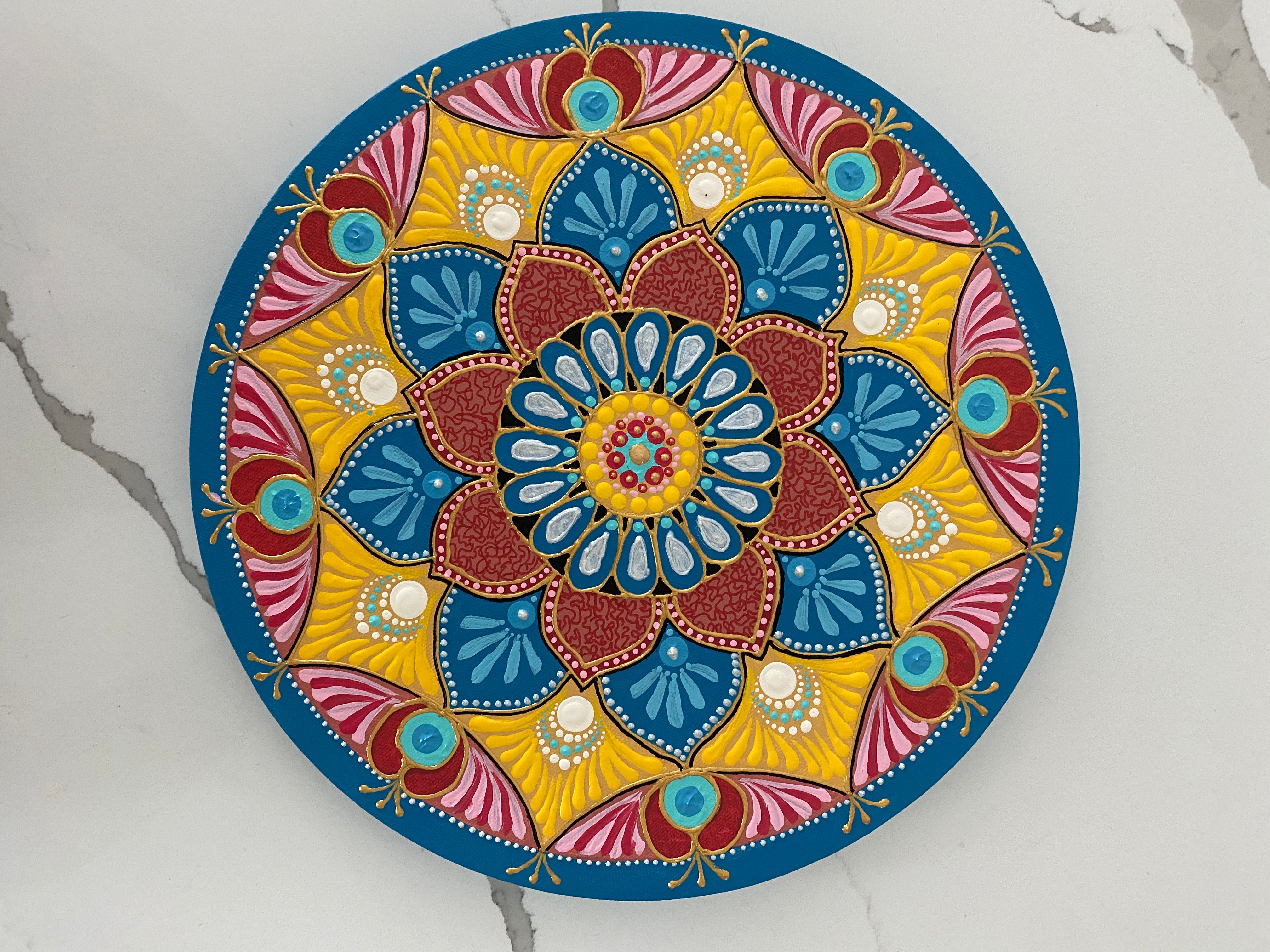 Beautiful Mandala created in colors and design reminding one of festive joy!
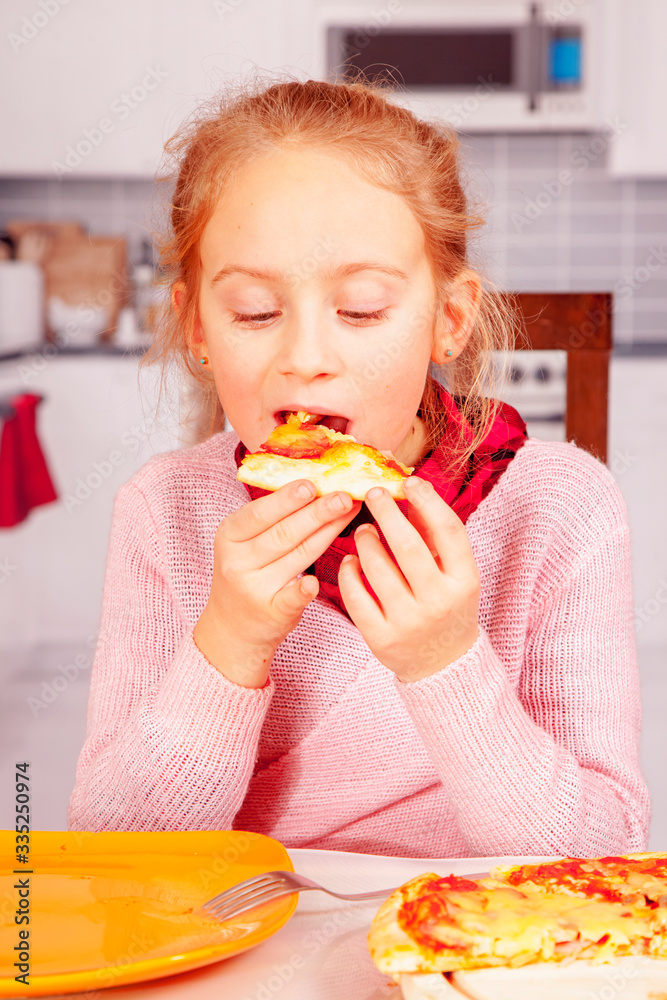 Portrait of cute little child girl with pizza. Happy child having fun eating dinner.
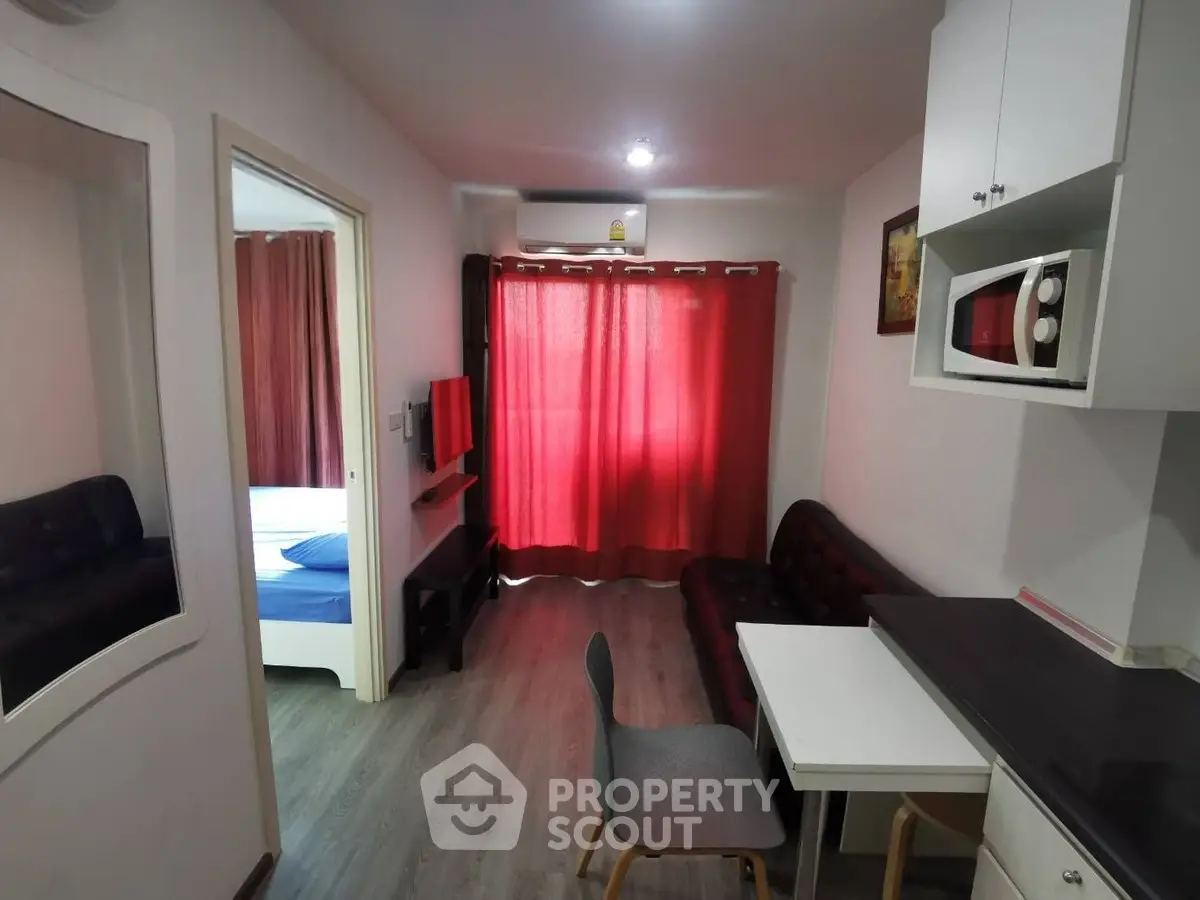 Cozy apartment with modern furnishings and open layout, featuring a compact kitchen and inviting living area.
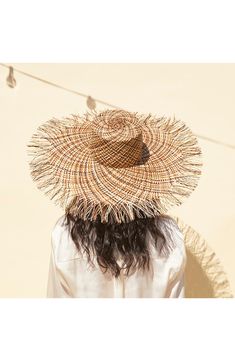 You'll look vacation-ready in this wide-brimmed sun hat crafted from multicolored palm straw. Palm straw Spot clean Made in the USA of imported materials Coastal Style Sun Straw Hat For Beach, Beige Sun Straw Hat For The Beach, Beige Sun Straw Hat For Beach Season, Wide Brim Woven Panama Hat, Woven Sun Hat For Summer, Woven Panama Hat For Vacation, Natural Woven Sun Hat For Beach Season, Beige Coastal Panama Hat For Vacation, Beige Coastal Style Panama Hat For Vacation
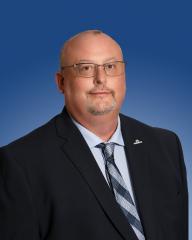 A person wearing glasses and a suit, smiling against a blue background.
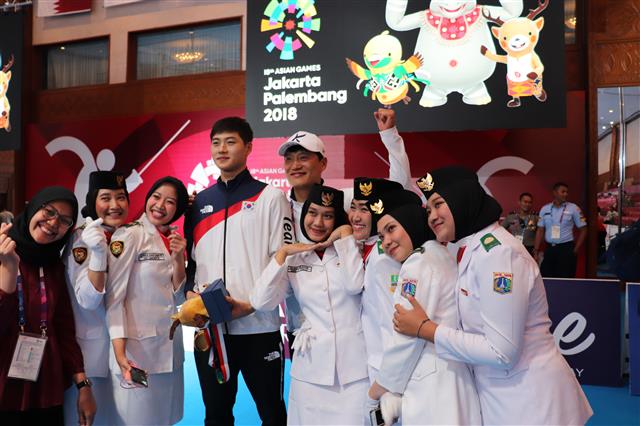 펜싱의 오상욱이 지난 20일 인도네시아 자카르타 컨벤션센터(JCC)에서 열린 2018 자카르타·팔렘방아시안게임 남자 사브르 개인전에서 은메달을 획득한 뒤 현지 팬들과 즐거운 표정으로 사진을 찍고 있다.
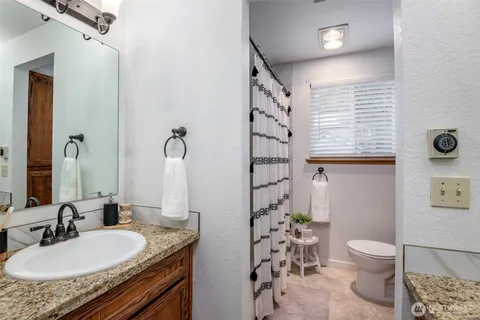 a bathroom with a granite countertop sink toilet and shower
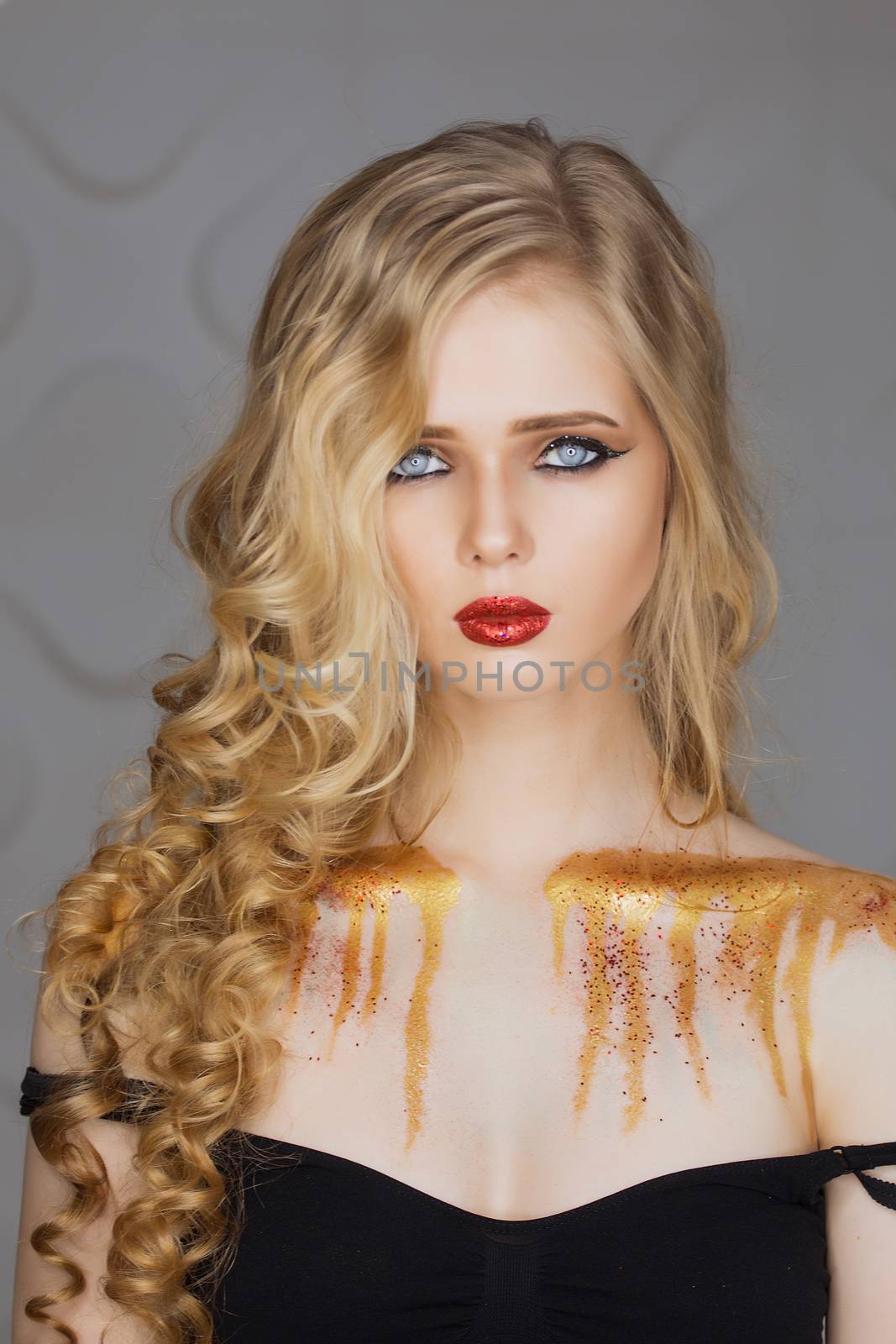 Fashion makeup. Woman with colorful makeup and body art.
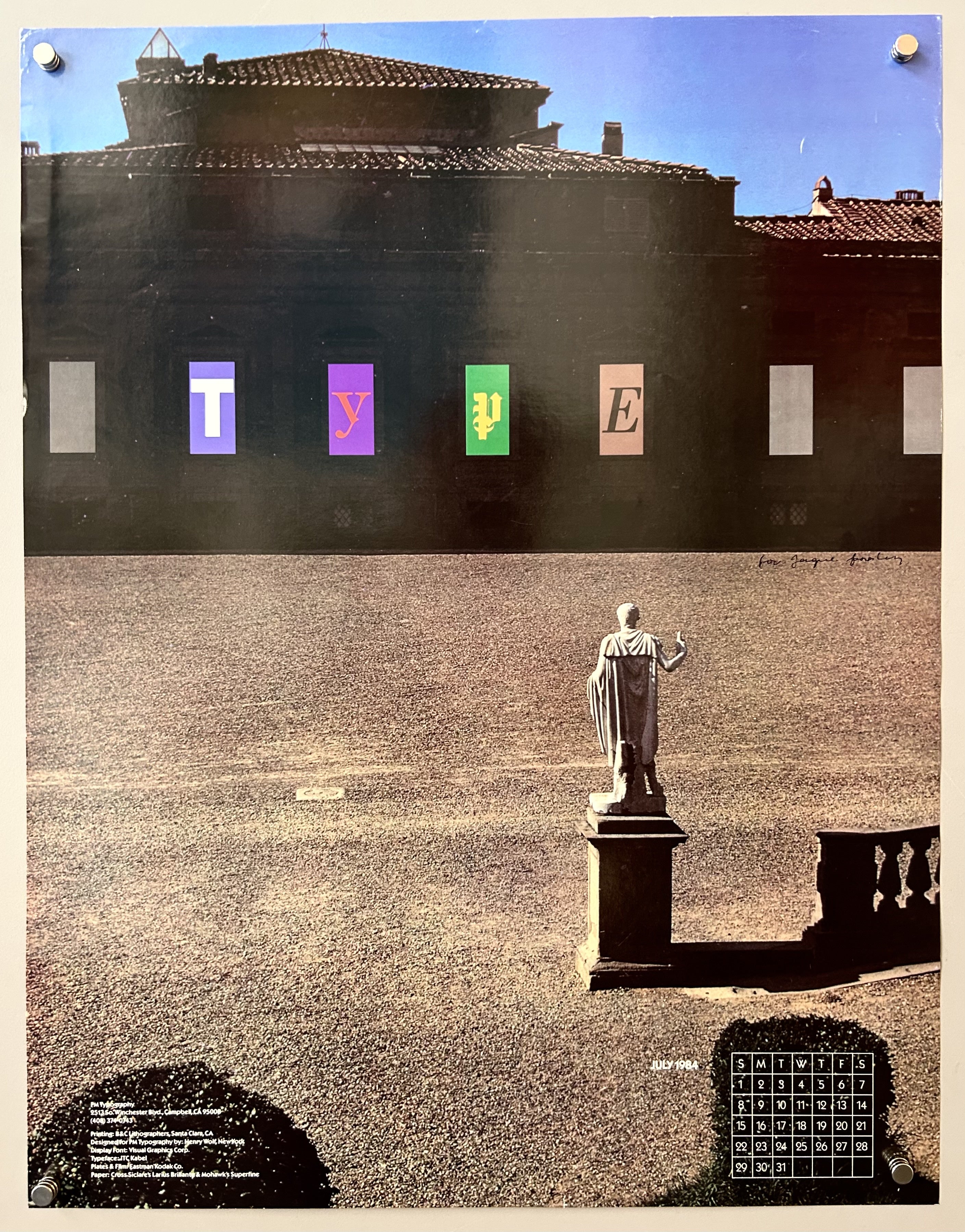 Photograph of a courtyard with a statue in it with 'TYPE' written along a building's windows to promote typography company.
● ● ● ●
Leave out the pictures and output everything else in the records exactly.

Expected answer -
 Beautiful Mandala created in colors and design reminding one of festive joy!
 Portrait of cute little child girl with pizza. Happy child having fun eating dinner.
 Cozy apartment with modern furnishings and open layout, featuring a compact kitchen and inviting living area.
 You'll look vacation-ready in this wide-brimmed sun hat crafted from multicolored palm straw. Palm straw Spot clean Made in the USA of imported materials Coastal Style Sun Straw Hat For Beach, Beige Sun Straw Hat For The Beach, Beige Sun Straw Hat For Beach Season, Wide Brim Woven Panama Hat, Woven Sun Hat For Summer, Woven Panama Hat For Vacation, Natural Woven Sun Hat For Beach Season, Beige Coastal Panama Hat For Vacation, Beige Coastal Style Panama Hat For Vacation
 A person wearing glasses and a suit, smiling against a blue background.
 펜싱의 오상욱이 지난 20일 인도네시아 자카르타 컨벤션센터(JCC)에서 열린 2018 자카르타·팔렘방아시안게임 남자 사브르 개인전에서 은메달을 획득한 뒤 현지 팬들과 즐거운 표정으로 사진을 찍고 있다.
 a bathroom with a granite countertop sink toilet and shower
 Fashion makeup. Woman with colorful makeup and body art.
 Photograph of a courtyard with a statue in it with 'TYPE' written along a building's windows to promote typography company.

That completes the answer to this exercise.